For most end users, the only contact they have with the data warehouse is through the reports they generate. As mentioned in the front end development section, users’ ability to select their report criteria quickly and efficiently is an essential feature for data warehouse report generation. Delivery options are another consideration. Along with receiving reports through a secure web interface, users may want or need reports sent as an email attachment, or spreadsheet. Controlling the flow and visibility of data is another aspect of report development that must be addressed. Developing user groups with access to specific data segments should provide data security and control. Reporting will and should change well after the initial implementation. A well-designed data warehouse should be able to handle the new reporting requests with little to no data warehouse system modification.
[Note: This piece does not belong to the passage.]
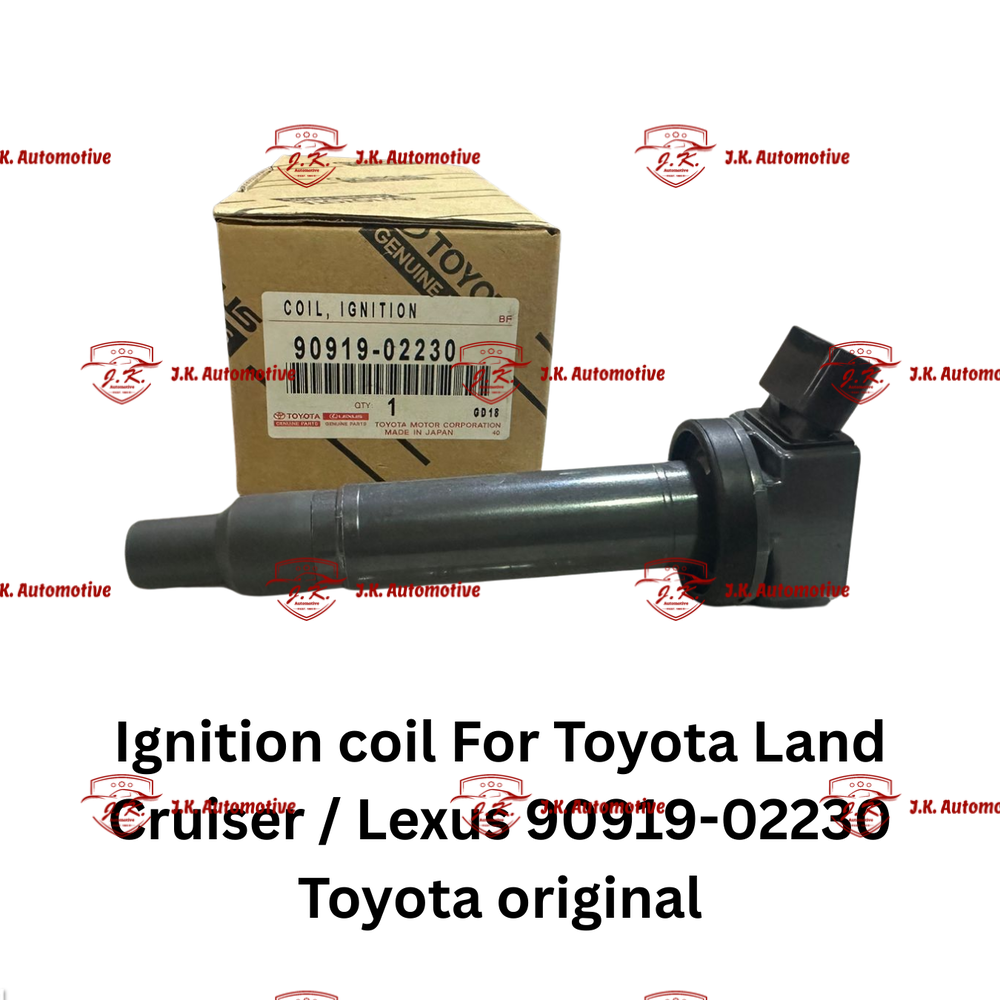 Ignition Coil For Toyota Land Cruiser 90919-02230 Toyota Original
Earlier in this post, the recommendation was to create separate development and testing environments. Doing so allows organizations to provide system performance tuning on ETL, query processing, and report delivery without interrupting the current production environment. Make sure the development and testing environments-hardware and applications mimic the production environment so that the performance enhancements created in development will work in the live production environment.
Once the data warehouse system has been developed according to business requirements, the next step is to test it. Testing, or quality assurance, is a step that should not be skipped because it will allow the data warehouse team to expose and address issues before the initial rollout. Failing to complete the testing phase could lead to implementation delays or termination of the data warehouse project.
Time to go live. Deciding to make the system available to everyone at once or perform a staggered release, will depend on the number of end users and how they will access the data warehouse system. Another important aspect of any system implementation and one that is often skipped, is end-user training. No matter how "intuitive" the data warehouse team and developers think the GUI is, if the actual end users finds the tool difficult to use, or do not understand the benefits of using the data warehouse for reporting and analysis, they will not engage.
Understanding Best Practices for Data Warehouse Design
Data warehouse design is a time consuming and challenging endeavor. There will be good, bad, and ugly aspects found in each step. However, if an organization takes the time to develop sound requirements at the beginning, subsequent steps in the process will flow more logically and lead to a successful data warehouse implementation.